As Barack Obama, a wartime president, prepares his own exhortation to the nation, commentators have already anticipated the importance of the sovereign voice. Writing in Newsweek, Jonathan Alter notes that the nation needs rousing and that: “Fortunately, we have a president with the rhetorical skills to rouse us. Unfortunately, he hasn’t so far. Obama’s biggest mistake in his first two years was that he took Mario Cuomo’s famous dictum—“you campaign in poetry and govern in prose”—too much to heart. To succeed, he needs to govern in poetry, too. He needs to use the music of his voice to sell math and science and engineering and entrepreneurship and all the other skill sets we let deteriorate when our brightest college graduates went to work on Wall Street.”

Alter is right about the need to govern in poetry, but he’s wrong about the substantive referent. The sovereign voice is domesticated and profanized when it speaks of math, science, and entrepreneurship, no matter how important these things are for society. The core of sovereignty lies with its authority to wage war.

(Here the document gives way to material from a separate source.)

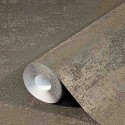 Marburg|Wallpaper anthracite gray with a glossy sand effect|Metallics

Ultimately, as Max Weber taught us, political legitimacy relies upon the constant reiteration of the state’s monopoly of the legitimate use of force – violence, the war and the nation bound together, the nation heeding the voice of the sovereign, for better or for worse. The United States of America is still fighting a war that has uncertain enemies, uncertain goals and uncertain achievements.  Barack Obama may speak of many things in his State of the Union address, but he must find a way to re-authorize the war that the nation is currently waging, to make it necessary and legible for his nation. Unlike George VI, Obama has been known to be a brilliant speaker, but both sovereigns have shared the mandate of legitimizing war in the eyes and ears of their nations with their voice.